» Assignment: Whenever a picture appears, leave it out while repeating all the other data exactly.

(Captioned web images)
↓↓↓
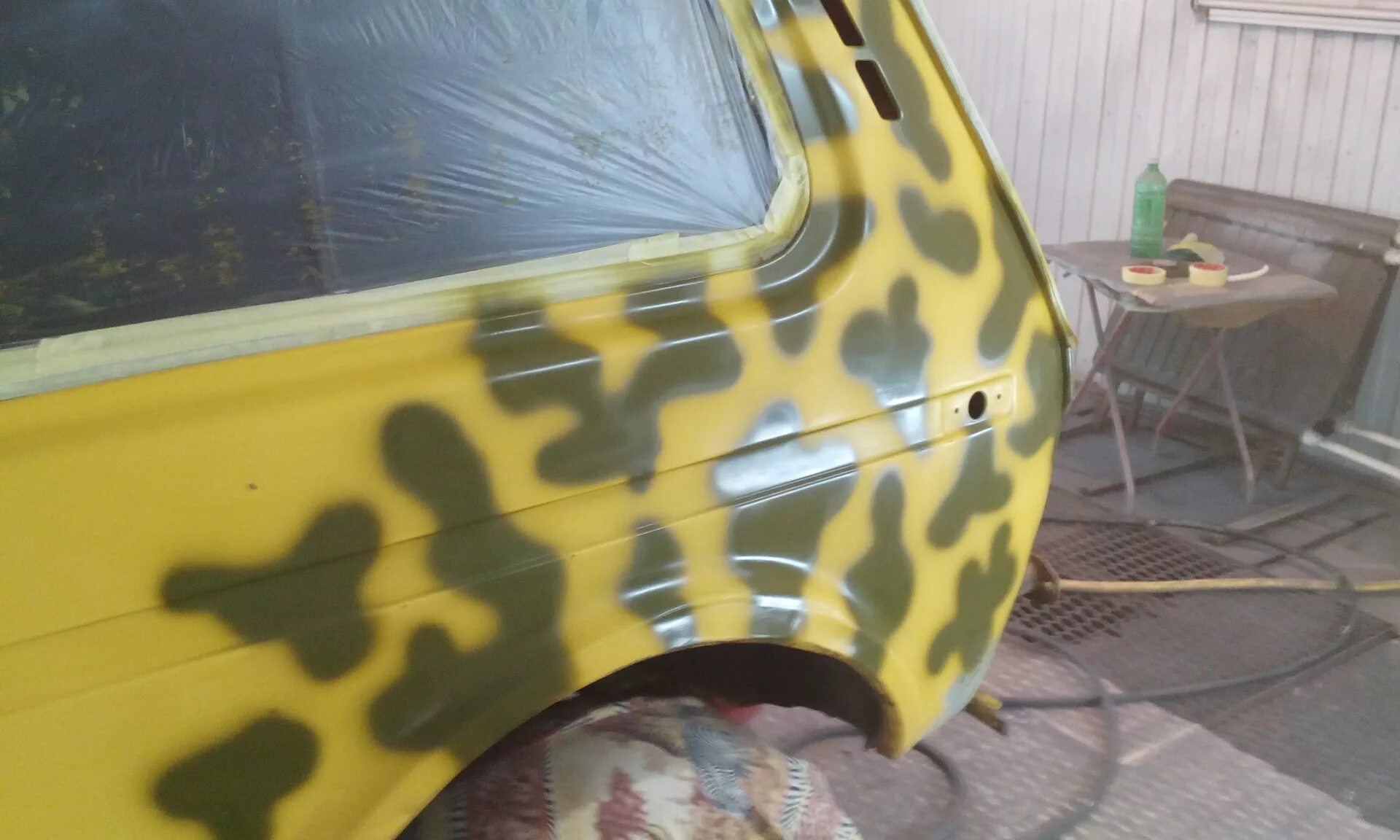 Краска motip camouflage. Камуфляж баллончиком. Покраска раптор камуфляж. Камуфляжная краска. Камуфляжная краска в баллончиках.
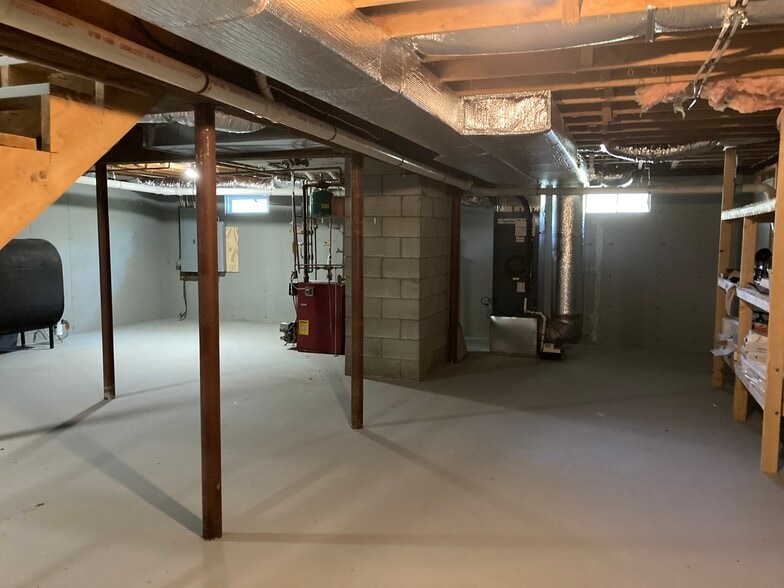 Basement - 2 Sea Pines Ln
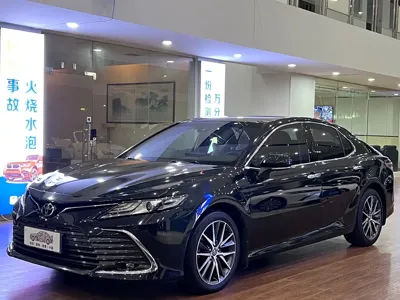 Toyota Camry · 2021 год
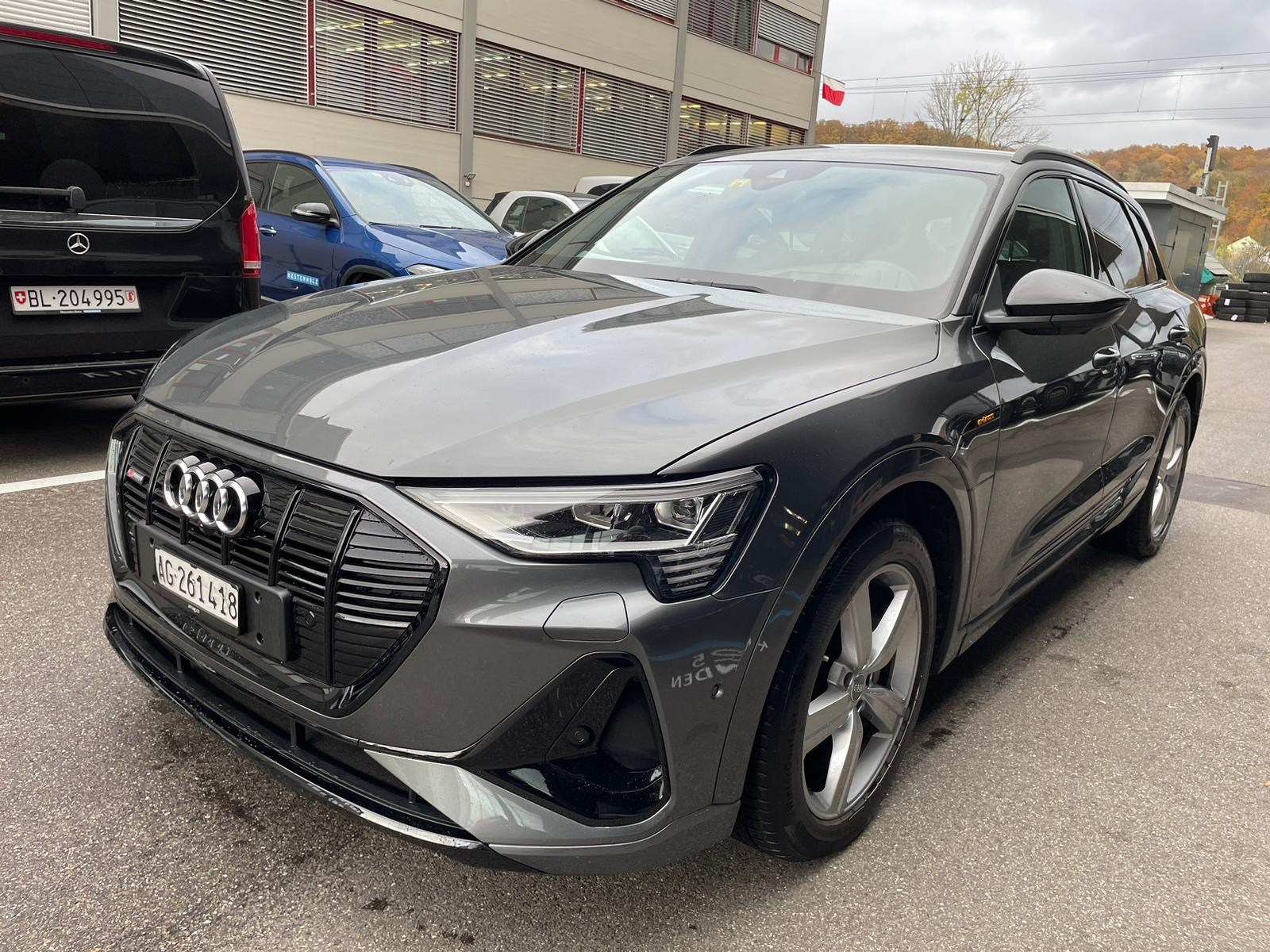 AUDI e-tron 55 Advanced Black Edition quattro-image-2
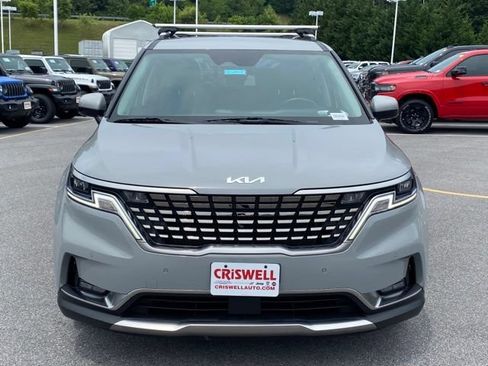 Used 2023 Kia Carnival SX FWD image 8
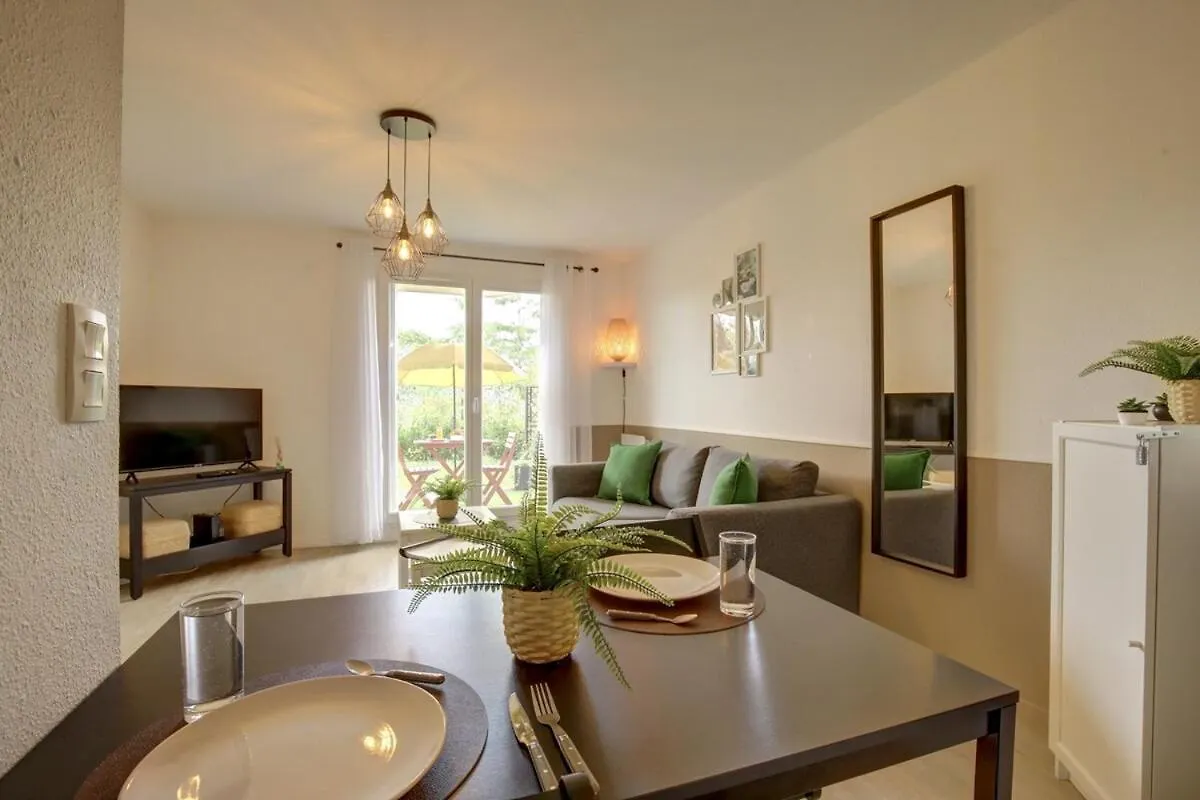 Appartement Le Sporting Land - avec piscine&place de parking !!! Gaillac France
↑↑↑
» Solution for this problem:
 Краска motip camouflage. Камуфляж баллончиком. Покраска раптор камуфляж. Камуфляжная краска. Камуфляжная краска в баллончиках.
 Basement - 2 Sea Pines Ln
 Toyota Camry · 2021 год
 AUDI e-tron 55 Advanced Black Edition quattro-image-2
 Used 2023 Kia Carnival SX FWD image 8
 Appartement Le Sporting Land - avec piscine&place de parking !!! Gaillac France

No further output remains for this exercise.